Published: Wed, November 14, 2012 @ 12:04 a.m.

photo

Holt

By Ed Runyan

runyan@vindy.com

WARREN

Lt. Brian Holt, commander of the Southington Post of the Ohio State Highway Patrol, first announced in July stepped-up efforts to stop dangerous driving behaviors.

At that time, Trumbull County had recorded 15 traffic fatalities — enough to put the county on pace to reach 30 for the year.

The pace hasn’t slowed in the four months since, with 14 more and a total of 29. That is far more than the 20 in 2011 but still below the 32 for 2010.

In comparison, Mahoning County has recorded 18 traffic fatalities so far this year, four fewer than this time last year, but Ohio has logged 90 more fatalities than this time last year, according to the OSHP.

Typically Trumbull County records 20 to 25 traffic fatalities per year, Holt said.

Holt said he remains focused on driver behavior, with the post taking a “zero-tolerance approach to traffic enforcement” to increase trooper visibility.

“I believe there is a direct correlation between taking aggressive enforcement and changing people’s behaviors,” Holt said.

The Southington post has drawn personnel from other posts and will use “creative scheduling” through the end of the year to get as many troopers on the road as possible, Holt said.

As for possible reasons for this year’s death total, Holt blames alcohol and drug use, as well as failure of drivers to use seat belts.

“They think it will happen to everybody else,” he said of drunken drivers and those not wearing seat belts.

“The sad truth is too many people die on Trumbull County roads — senseless deaths that could be avoided.” Holt said he’s noticed that Trumbull County residents seem “not as sold on seat-belt use as in other areas.” Trumbull County also appears to have a higher incidence of alcohol-and-drug-related crashes than the state average, Holt said.

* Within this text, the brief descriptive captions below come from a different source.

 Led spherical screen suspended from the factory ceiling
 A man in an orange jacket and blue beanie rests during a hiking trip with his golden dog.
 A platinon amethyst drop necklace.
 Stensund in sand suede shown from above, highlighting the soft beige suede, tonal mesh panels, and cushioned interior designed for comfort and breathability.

The crash report obtained by The Vindicator of the Sept. 21 accident on South Canal Street in Newton Township that killed Jamie and Emily Danes and injured Paul Wodianka seems to exemplify the problems Holt cited.

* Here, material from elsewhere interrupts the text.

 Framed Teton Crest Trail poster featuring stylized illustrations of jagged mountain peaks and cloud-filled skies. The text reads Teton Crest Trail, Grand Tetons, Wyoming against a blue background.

Wodianka, 42, was traveling north on Canal Street at high speed when he collided head-on with the Danes’ vehicle, which was southbound. Jamie Danes, 37, his wife Emily Danes, 29, are from the Newton Falls area. Wodianka has a Diamond, Ohio, address, which is near Lake Milton.

Wodianka was indicted by a Trumbull County grand jury last month on two counts of aggravated vehicular homicide in the crash, as well as four counts of drug abuse and one count of driving under the influence of alcohol or drugs.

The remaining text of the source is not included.